The Greek government has succumbed to pressure from lenders for the elimination of lower electricity tariffs offered by PPC, the main power utility, to high-voltage consumers, including industrial enterprises in the cement, steel, aluminium, paper and ceramics sectors.
High-voltage consumers had been given a 20-percent discount on electricity tariffs following a decision reached at a PPC shareholders meeting early in 2014.
Although these discounts had not managed to lower domestic energy costs to levels enjoyed by industries operating in other EU member states, they did offer respite to many sectors.
The ball is now in PPC’s court as the power utility has continued to present elevated production costs. If the corporation is to introduce cost-based tariffs, as it has noted, a new wave of electricity increases may be on the way for the industrial sector.
These latest developments, combined with delays on other fronts concerning energy cost reductions, increase the pressure on many industries to remain afloat, and could prompt additional company closures.
The agricultural sector, currently offered favorable elecricity supply terms as a supportive measure for production and competitiveness, may also be affected by the implementation of cost-based tariffs at PPC.

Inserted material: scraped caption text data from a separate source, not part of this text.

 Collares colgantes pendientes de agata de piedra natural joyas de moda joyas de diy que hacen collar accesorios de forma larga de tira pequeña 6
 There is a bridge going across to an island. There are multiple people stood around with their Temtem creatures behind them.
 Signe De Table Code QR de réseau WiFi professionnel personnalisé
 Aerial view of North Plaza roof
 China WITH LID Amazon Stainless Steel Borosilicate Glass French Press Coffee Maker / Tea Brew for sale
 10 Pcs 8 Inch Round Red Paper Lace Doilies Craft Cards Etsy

Other consumer categories are not expected to feel the effect of cost-based tariffs, if implemented. In any event, any changes will be inspected by RAE, the Regulatory Authority for Energy.
The latest Greek proposals in the bailout talks include a pledge by the government to strengthen RAE’s functional and financial independence. Until now, the Production Reconstruction, Environment and Energy Minister Panagiotis Lafazanis has warned RAE’s executive powers will be confined amid claims that the authority is serving private-sector energy interests.